At the same time, yeah this isn’t going to work without spoilers, Don’s secretary Ida Blackenship, remember how it was revealed in Roger Sterling’s biography that they were an item at one point (ep 407 – The Suitcase) well one can imagine that something happening to Ida would cause the old guard of Sterling and Cooper to contemplate their own mortality.
Peggy’s journey has always been about women’s progression in the workplace, but while up to this point it’s been about Peggy’s exceptionality, the show takes a bit of a step back this week to show the world around Peggy. Her friend Joyce, who looked to be in pursuit of Peggy and obviously still has the hots for her (as evidenced by licking the side of her face) this week serves as a catalyst for Peggy questioning just about everything. Joyce brings Abe Drexler, the guy Peggy met at the party Joyce took her to, to a bar to reconnect with Peggy. Like a good pseudo intellectual artist hanging out in Manhattan but originally from Brooklyn, Abe is super upset about the plight of the negroes and thinks capitalism is just a hairs breath from being overthrown, that a revolution could happen in America at any point.
Peggy’s not buying his tripe, but he does get one earworm to stick with Peggy. Why would her firm represent a client who refuses to hire black people? Peggy stands by her firms role, even so far as to say that doing Goldwater’s campaign would have been a great challenge. From her perspective, advertisers are in a position to change a companies values. In a way they are, when it comes to updating what consumers want, but it’s harder to speak for a consumer’s shifting values, especially when it comes to a very tumultuous time in the South.

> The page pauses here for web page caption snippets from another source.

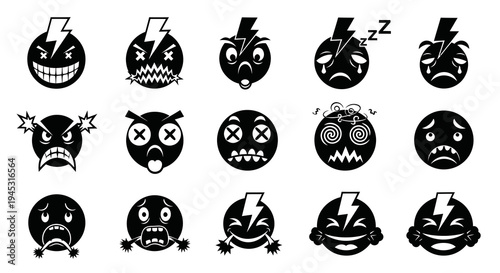 Black and White Emoji Icons Representing Various Emotions and Expressions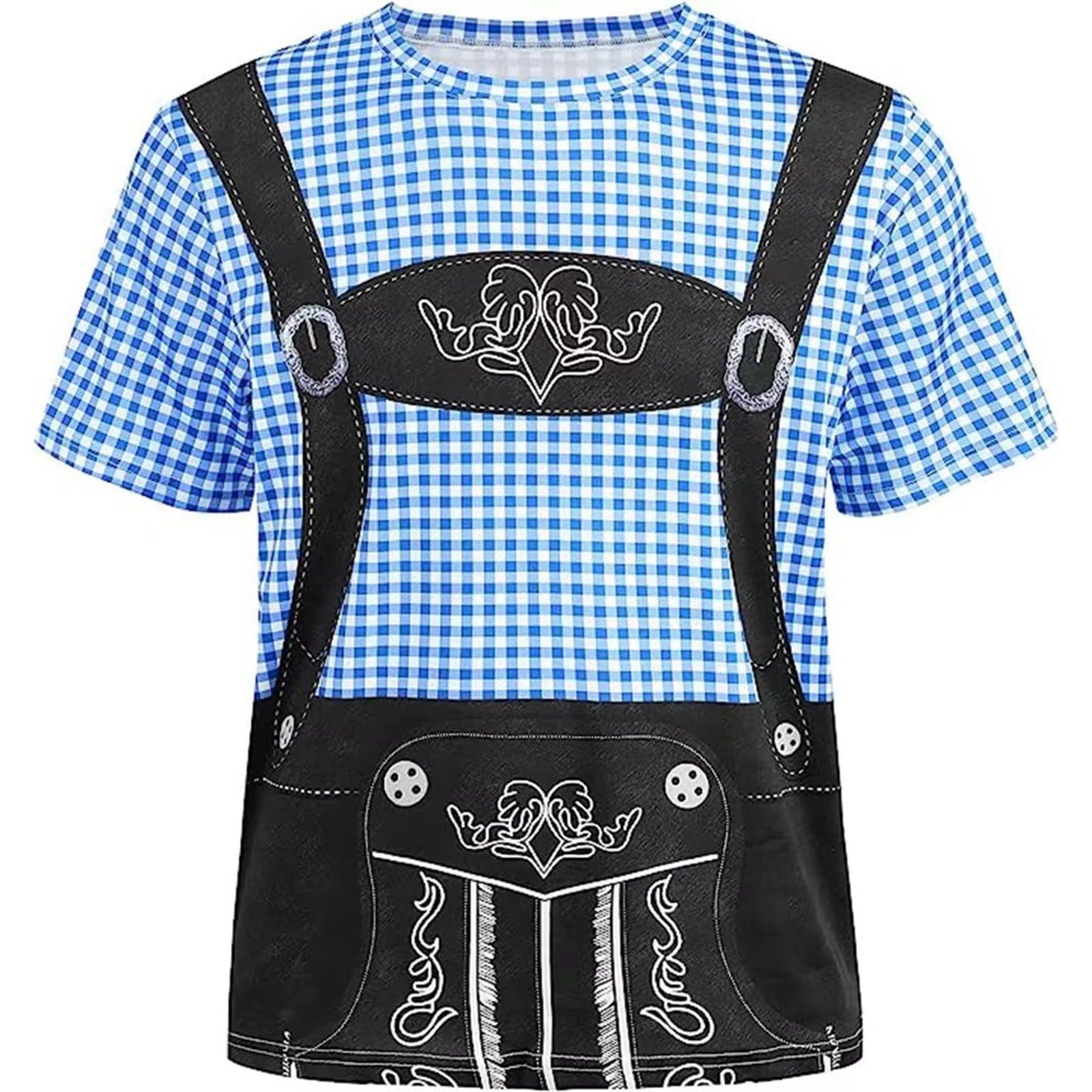 Adult Ladies Oktoberfest Beer Girl Bavarian Fancy Dress Costume Short Sleeve Crew Neck Plaid Print Oktoberfest Light Brown Tee Shirt Top Blouse German Dirndl Blouse Lederhosen Outfit
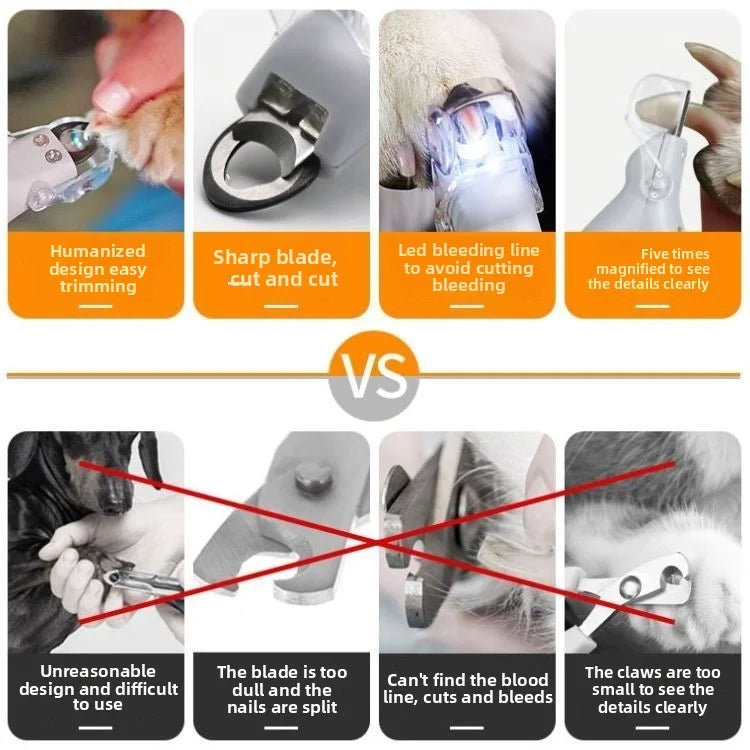 LED Pet Nail Clipper with Magnifying Glass & Light, Professional Dog Cat Grooming Trimmer Kit, Safe Beginner Pet Care Nail Peaceful Pleasures Health and Wellness
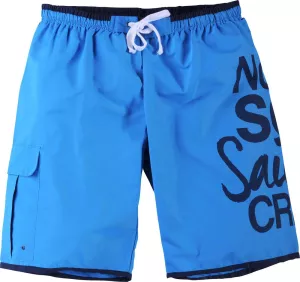 Short de bain bleu azur imprimé nautique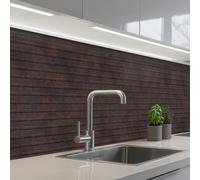 KitchenYeah© Splashback for kitchen 32"x197" / 80x500 cm self-adhesive Back Splashes Kitchens Splash Guard Decor Dark brown - Rust - Stripes - Patterned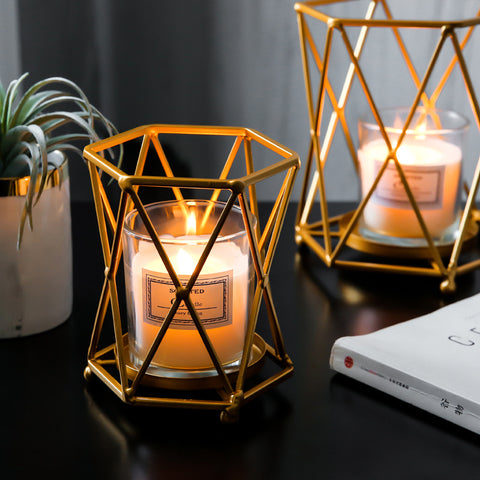 Gold Geometric Wrought Candle Holder - HOMYEA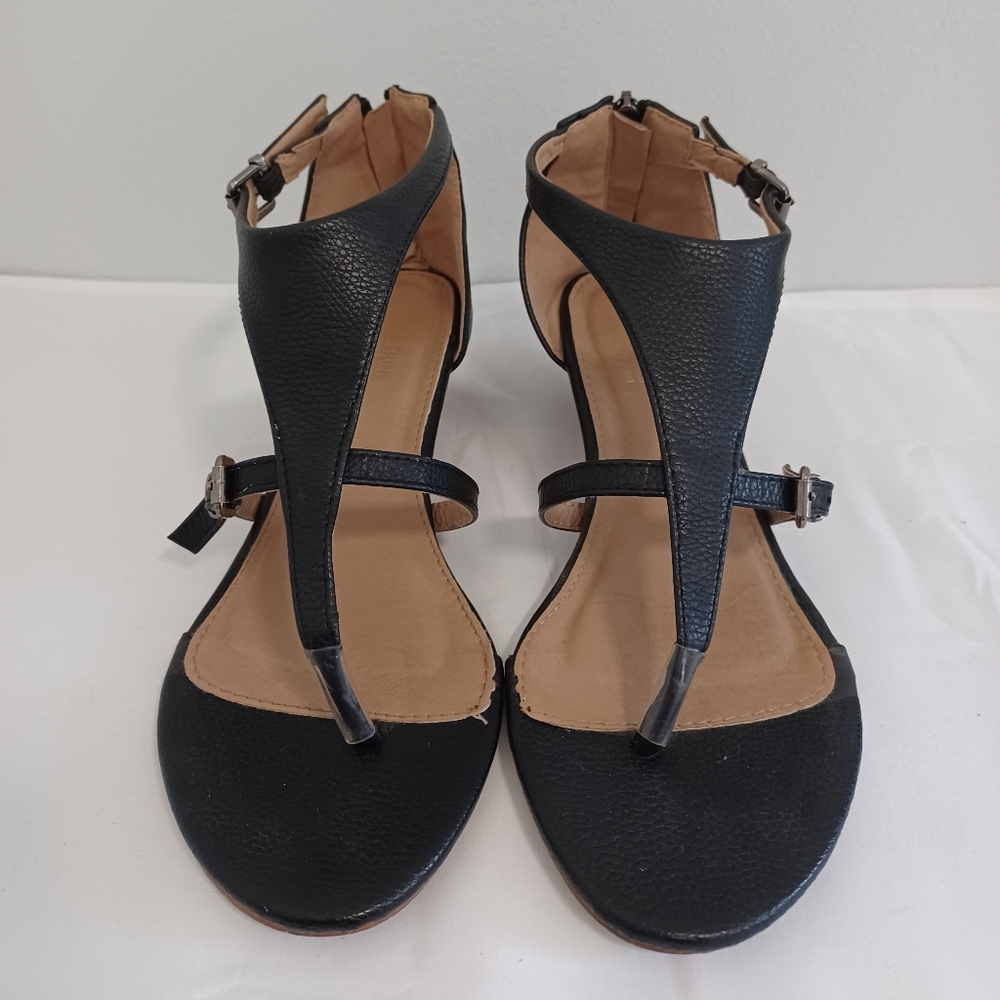 CATHERINE MALANDRINO womens black wedge sandals  size 9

But at the bar, her reaction is to tell Abe that many of the things black people can’t do she can’t do either. She’s not allowed into the country clubs and gentlemen’s clubs where many if not most business deals are being made. Abe makes a patronizing comment about “maybe we’ll have a civil rights march for women” but basically Abe concludes that since there isn’t violence being used against women (which is completely absurd, domestic violence is still a problem in America) to stop them from participating in society, then women didn’t have it so bad.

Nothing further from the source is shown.